We reject the State's argument that introduction of this "highly and inherently prejudicial, irrelevant and inadmissible" evidence, Hudson, supra, 271 Ga. at 479, 521 S.E.2d 810, was rendered harmless merely by the State's proper tendering of those prior convictions underlying the possession charge. In a similar case in which the defendant was charged with possession of a firearm by a convicted felon, this Court found error where evidence of an independent offense (a 1994 aggravated assault conviction) was presented to the jury, despite evidence already before the jury that the defendant had been charged with possession of a firearm by a convicted felon based on a 1992 aggravated assault conviction. Id., 271 Ga. at 480, 521 S.E.2d 810. Although the error did not require reversal in Hudson, that was due to the admissibility of the evidence for impeachment purposes. No such independent ground is present here to warrant the introduction of this evidence. Compare id., 271 Ga. at 481(2, 521 S.E.2d 810). Finally, although the evidence was sufficient to authorize the jury's verdict, see Division 1, supra, we do not agree with the State that the evidence was so overwhelming that it is highly improbable the error did not contribute to the judgment. See Johnson v. State, 238 Ga. 59, 61, 230 S.E.2d 869 (1976). Accordingly, the trial court erred by denying appellant's motion for a mistrial.

4. We need not address appellant's remaining enumerations, concerning the giving of a charge this Court subsequently disapproved in Harris v. State, 273 Ga. 608(2), 543 S.E.2d 716 (2001) and the overemphasis of certain testimony, as those matters are unlikely to recur upon retrial. Likewise, we do not reach the propriety of sentencing appellant on both felony murder and the underlying felony for that felony murder conviction. But see Davie v. State, 265 Ga. 800(3), 463 S.E.2d 112 (1995).

Judgment reversed.

All the Justices concur.

NOTES

[1] The crimes occurred on February 13, 1999. Johnson was indicted in Chatham County on October 6, 1999 on charges of malice murder, two counts of felony murder, aggravated assault, possession of a firearm by a convicted felon (specifically, the prior felonies of burglary and possession of a firearm by a convicted felon) and possession of a firearm during the commission of a crime. A jury found him guilty of felony murder based on possession of a firearm by a convicted felon, possession of a firearm by a convicted felon, and possession of a firearm during the commission of a crime, and acquitted him of the remaining charges. On April 17, 2000 Johnson was sentenced to life for the felony murder, five years consecutive for possession of a firearm by a convicted felon, and five years consecutive for possession of a firearm during the commission of a crime. Johnson filed a motion for new trial on April 13, 2000 and amended it three times.
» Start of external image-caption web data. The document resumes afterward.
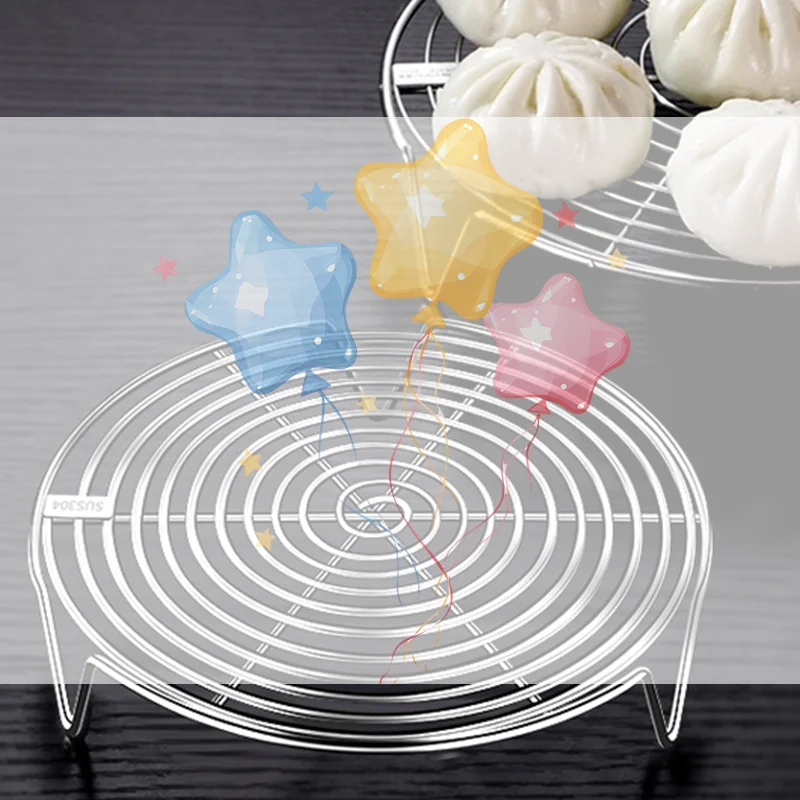 

1Pc Stainless Steel Steamer Rack Multifunction Pot Steaming Tray Dumplings Eggs Grill Stand Kitchen Tableware Cooking Stand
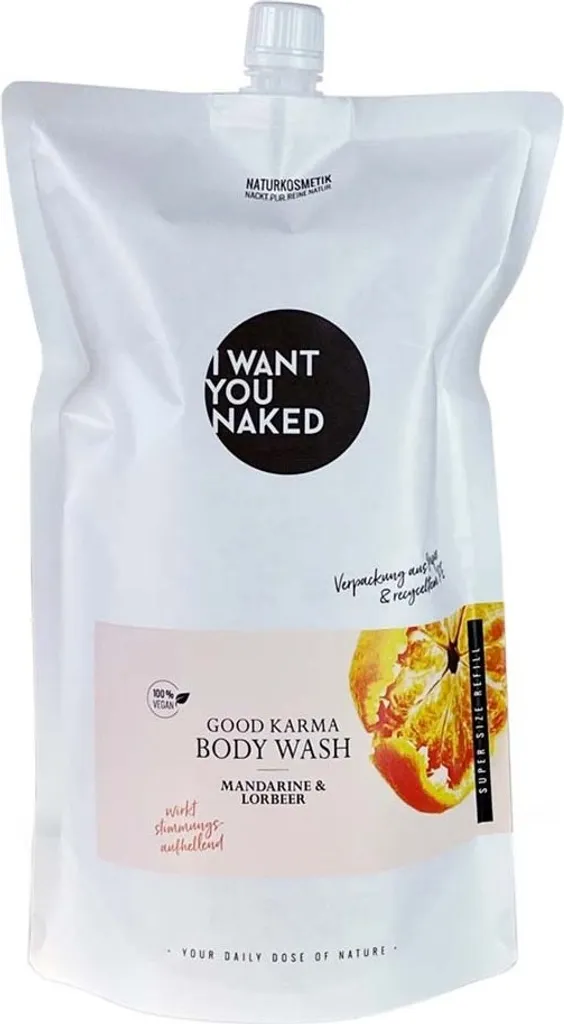 Ricarica Body Wash Good Karma 1L - Mandarino e Alloro - Sostenibile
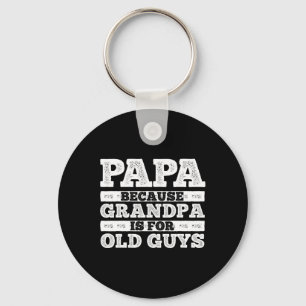 Grandpa Art För manar Grandfather Pappa Parent Far Nyckelring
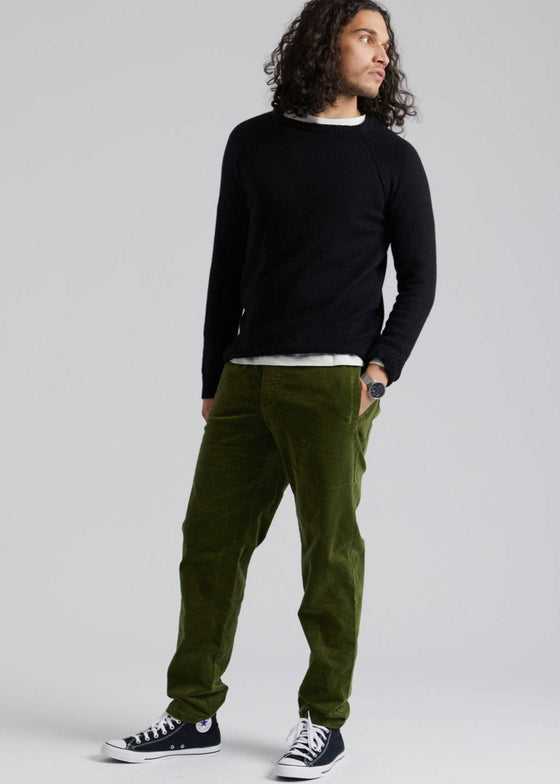 ANDRO - Organic Cotton Cord Trouser Pine Green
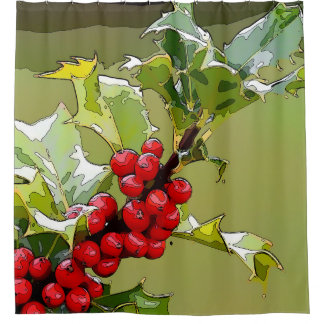 Cortina Para Box HollyBerries 006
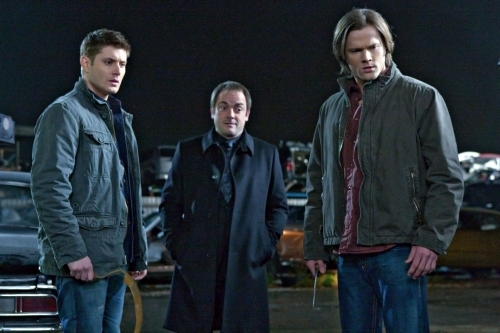 Still of Jensen Ackles and Jared Padalecki in Supernatural (2005)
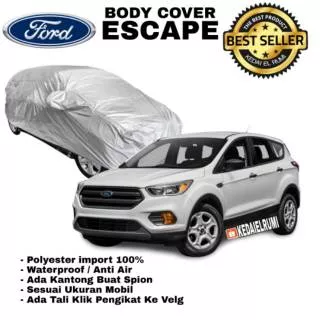 FORD ESCAPE COVER MOBIL KAIN SELIMUT PENUTUP SARUNG BODY MOBIL CAR SILVER ABUABU WATERPROOF ANTI AIR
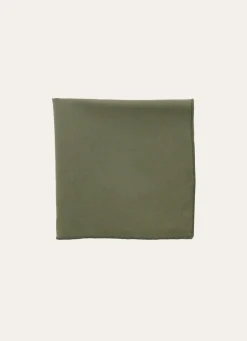 Best Bouchara SERVIETTE DE TABLE EN COTON ET LIN BOURDON COLORÉ LICHEN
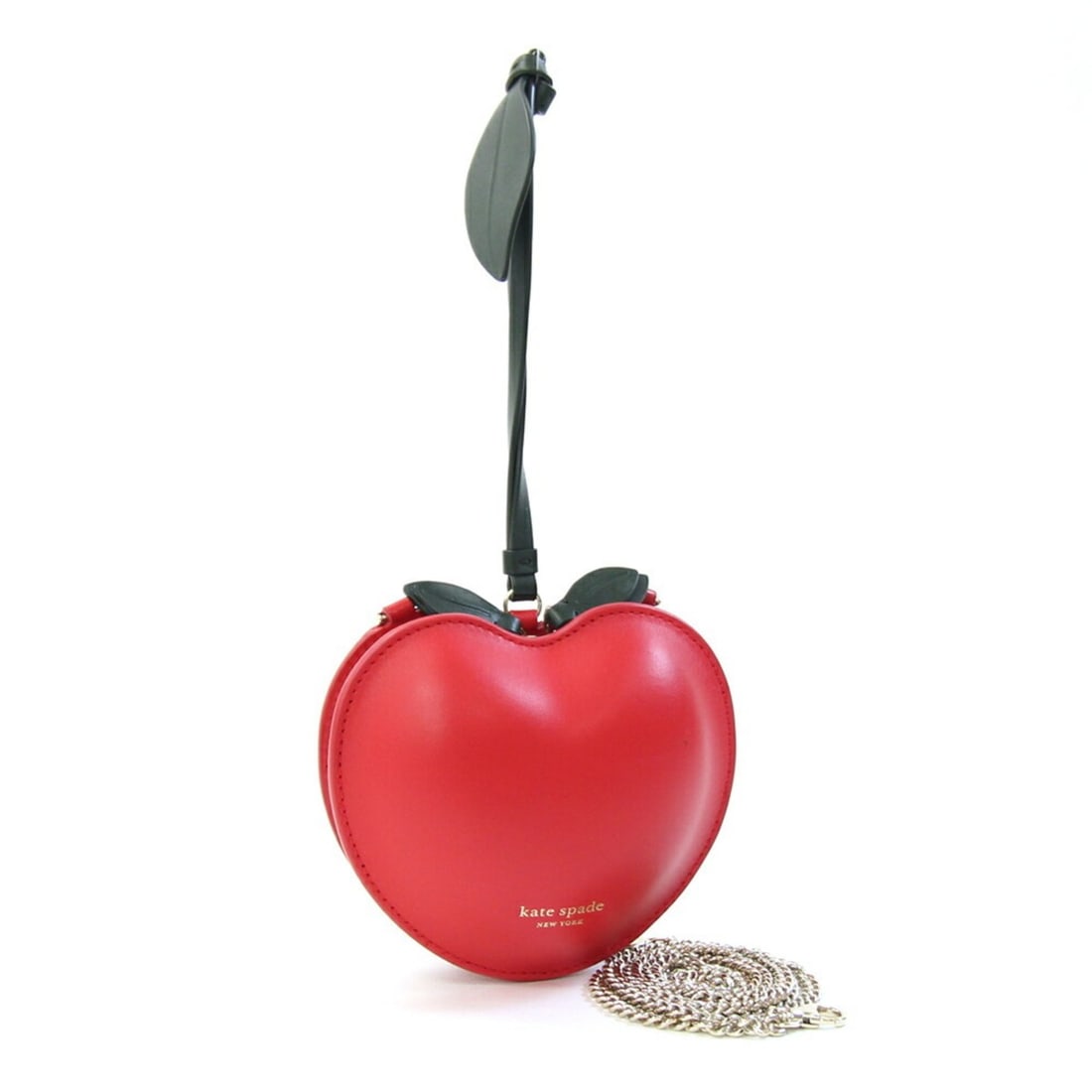 Kate Spade Cherry Motif Shoulder Bag PXRUB279 Red and Dark Green Leather Chain Pochette Women's: --- Catalog ---Category: SizeSize (HxWxD): 11cm x 12cm x 7cm / 4.33'' x 4.72'' x 2.75''Strap Length: 112cm / 44.09''Category: DesignType: Pochette, Shoulder bagColor: Dark green, Red colorGender: Wome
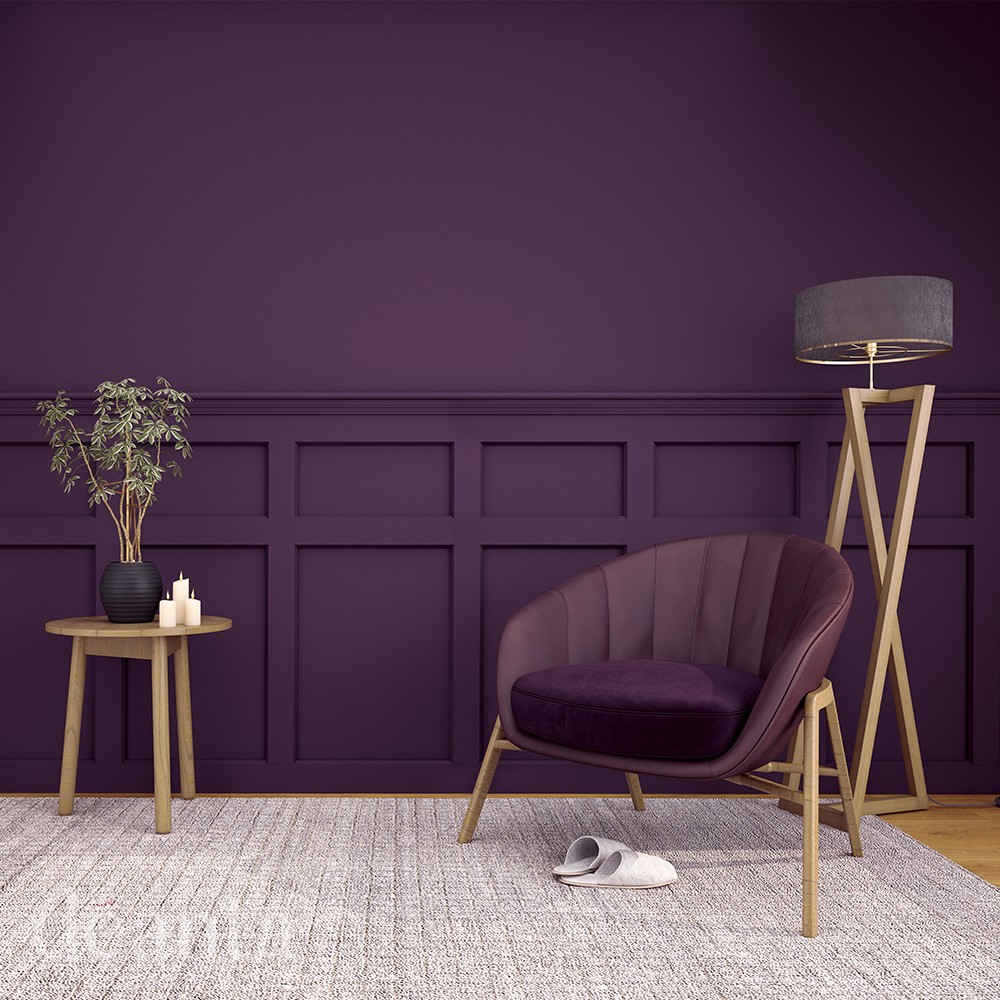 Deanta Hampton White Primed Wall Panelling - 2400mm Pack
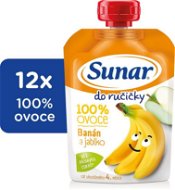 Sunar Do ručičky ovocná kapsička banán 12× 100 g - Kapsička pre deti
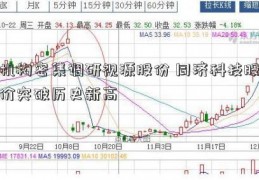 机构密集调研视源股份 同济科技股价突破历史新高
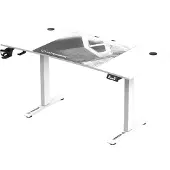 Ultradesk LEVEL V2 – Bureau voor Gaming, Home Office & Kantoor – Wit – Elektrisch verstelbaar – Incl. XL Muismat & Accessoires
The trial court denied the motion by order filed February 5, 2002. A notice of appeal was filed February 28, 2002. The case was docketed April 2, 2002 and orally argued July 9, 2002.

[2] The State also introduced into evidence certified copies of appellant's prior felony convictions as alleged in the indictment.

[3] The transcript reveals that the prosecutor tendered into evidence "State's Exhibits 48, 49 and 50. They're certified copies of convictions of the defendant for theft by receiving stolen property, three different counts on three different occasions."

[4] The trial court noted that it had "move[d] the proceedings along as to not call attention" to the State's error. Defense counsel raised the possibility of a curative instruction but, recognizing that such a charge "would merely exacerbate the situation," took the position that only the grant of a mistrial could remedy the error.